Announcing the Test of Time Award Winners from ICLR 2015
We are honored to announce the Test of Time awards for ICLR 2025. This award recognizes papers published ten years ago at ICLR 2015 that have had a lasting impact on the field. The 2025 program chairs and general chair reviewed the papers published at ICLR 2015, and selected the two papers below for their profound influence and impact on machine learning today.
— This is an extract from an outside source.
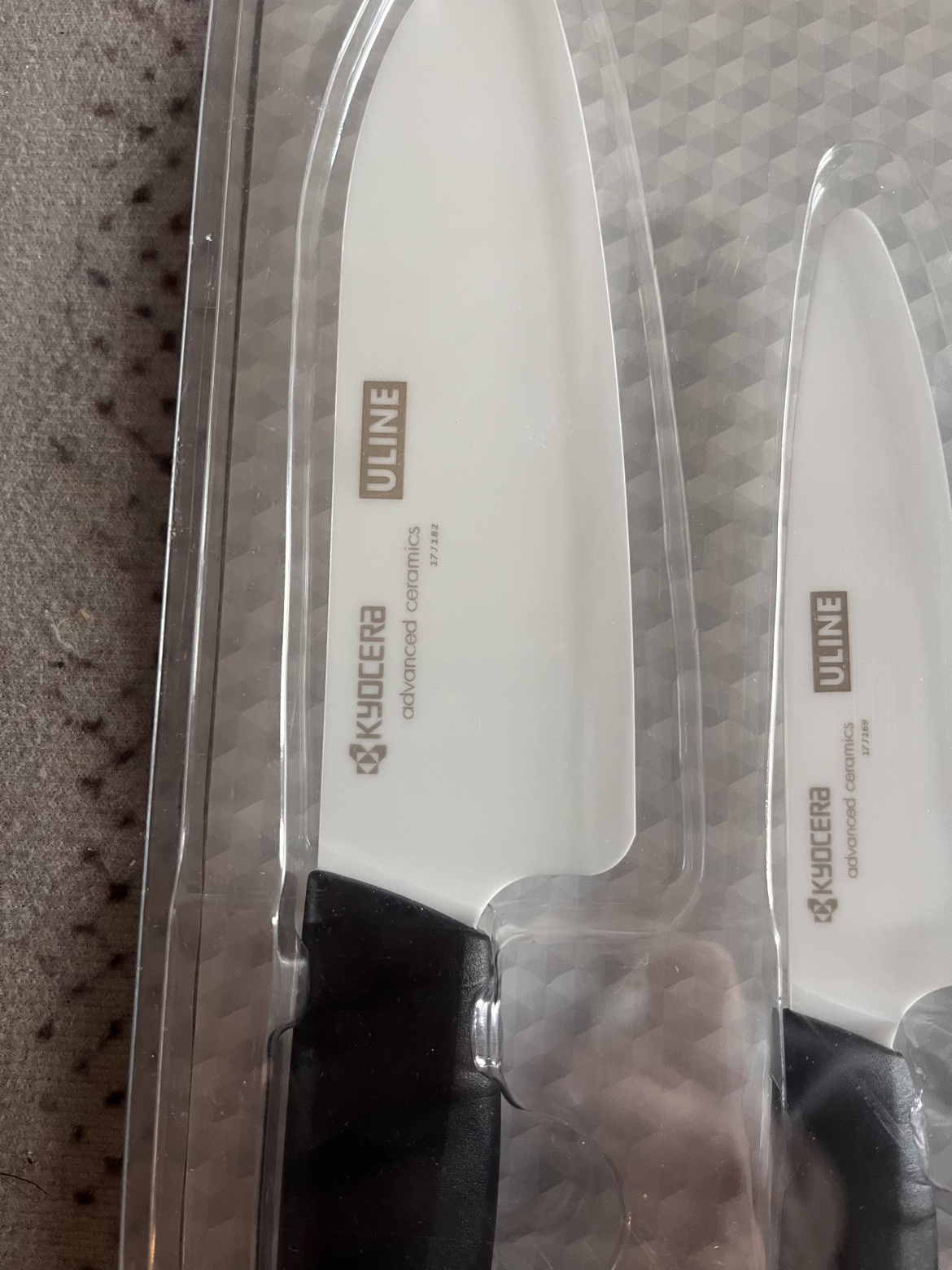 Kyocera Advanced Ceramic Knife Set - photo 4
Congratulations to the authors of the Test of Time winner and runner up!
Test of Time
Adam: A Method for Stochastic Optimization
Diederik P. Kingma, Jimmy Ba
https://arxiv.org/abs/1412.6980
As one of the most widely adopted optimization algorithms in deep learning, Adam revolutionized neural network training, enabling significantly faster convergence and more stable training across a wide variety of architectures and tasks. The algorithm automatically adjusts parameter-specific learning rates based on first and second moments of gradients, handling sparse gradients and non-stationary objectives. Adam’s practical success has made it the default optimizer for countless state-of-the-art models, from computer vision and natural language processing to reinforcement learning, demonstrating remarkable versatility across problem domains and neural network architectures.
Runner Up
Neural Machine Translation by Jointly Learning to Align and Translate
Dzmitry Bahdanau, Kyunghyun Cho, Yoshua Bengio
https://arxiv.org/abs/1409.0473
Introducing a form of attention, this paper fundamentally changed how sequence-to-sequence models process information. Before this work, encoder-decoder architectures usually compressed entire input sequences into fixed-length vectors, creating memory bottlenecks for longer sequences. The proposed approach enabled the model to “attend” to different parts of the source sentence dynamically during translation, allowing for processing of relevant contextual information. This attention mechanism has since become a cornerstone of modern deep learning, extending far beyond machine translation to form the foundation for transformers and large language models. The paper’s practical impact has been immense, making it one of the most influential contributions to neural network architectures.